Star Trek: Picard Explains Key Piece of Nero's Origin Story
Star Trek: Picard's premiere episode dedicates quite a bit of time to filling in key story points of the 20-year span between Star Trek: Nemesis and this new series. Along the way, however, Picard also provides story beats that actually enrich the backstory of Nero, the ruthless Romulan miner who inadvertently created Star Trek's "Kelvin Timeline" in J.J. Abrams' Star Trek (2009). In that film, Nero (Eric Bana) is left broken by the destruction of Romulus, and travels back to the past to strike out at Starfleet, who he blames for the calamity. Well, in Star Trek: Picard we learn that perhaps Nero's anger wasn't so misplaced after all...
SPOILERS for the Star Trek: Picard premiere follow!
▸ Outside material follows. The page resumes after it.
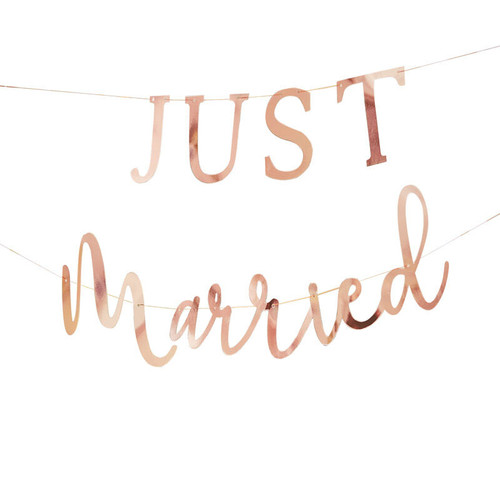 Rose Gold Just Married Banner Hanging Decoration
In the first act of Star Trek: Picard, Jean-Luc Picard is interviewed at his vineyard in France by the Federation New Network, on the anniversary of the destruction of Romulus. It's during that interview that we learn about the additional tragedies of Romulus' fall, which led to Picard leaving Starfleet.
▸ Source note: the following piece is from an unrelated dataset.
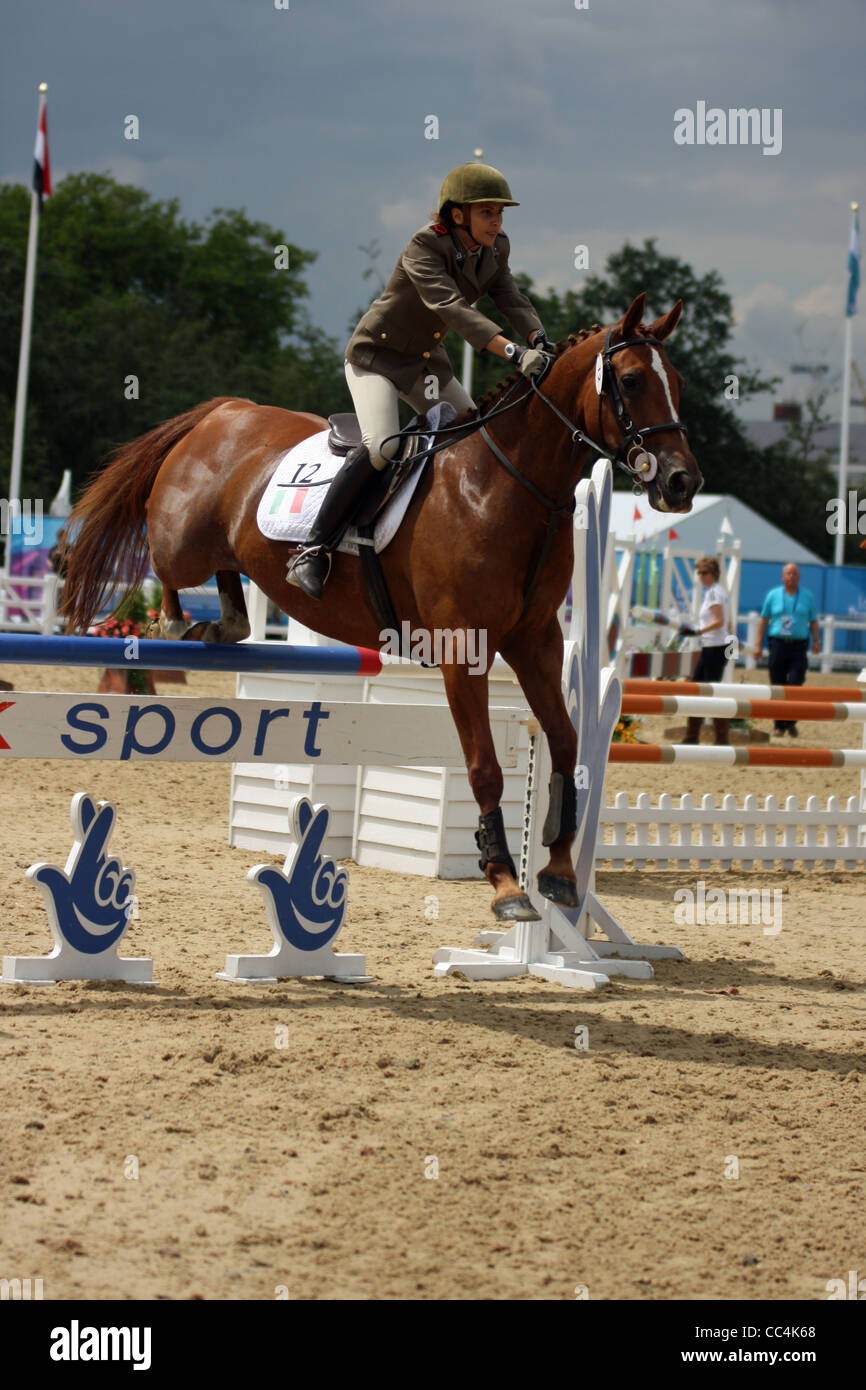 Lavinia Bonessio of Italy in the show jumping at the womens modern pentathlon at Greenwich park. Stock Photo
As it turns out, Admiral Picard had mounted a massive evacutation of the Romulan people, which looked to be going successfully, until a group of synthetic beings went rogue and attacked shipyard on Mars. The shipyard attack ignited the gaseous atmosphere of Mars, resulting in mass deaths. After the synthetics rebelled, Starfleet banned them and ultimately abandoned the Romulan evacuation plan, resulting in much greater tragedy for the Romulan people. As Jean-Luc Picard explained:
"We withdrew. The galaxy was mourning, burying its dead, and Starfleet slunk from its duties. The decision to call off the rescue and to abandon those people we had sworn to save was not just dishonorable - it was downright criminal! And I was not prepared to stand by and be a spectator!"
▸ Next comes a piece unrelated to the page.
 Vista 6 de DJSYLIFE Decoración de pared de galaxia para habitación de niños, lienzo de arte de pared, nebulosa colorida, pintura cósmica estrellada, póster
Starfleet's abandonment of the Romulan people was enough to make Jean-Luc Picard so angry he broke ties with his beloved organization; imagine what it felt like for Nero. It now makes much more sense why that guy was so angry he spit when he talked.
Of course, it just so happens Star Trek: Picard showrunner Alex Kurtzman was also the the writer/producer of Star Trek (2009). So if nothing else, Kurtzman is getting the opportunity to retroactively flesh-out a somewhat one-note villain he created for the franchise. Fine by us: any connections between Star Trek movie and TV continuity are fun threads to tie.
Star Trek: Picard is now streaming on CBS All Access. New episodes are released every Thursday.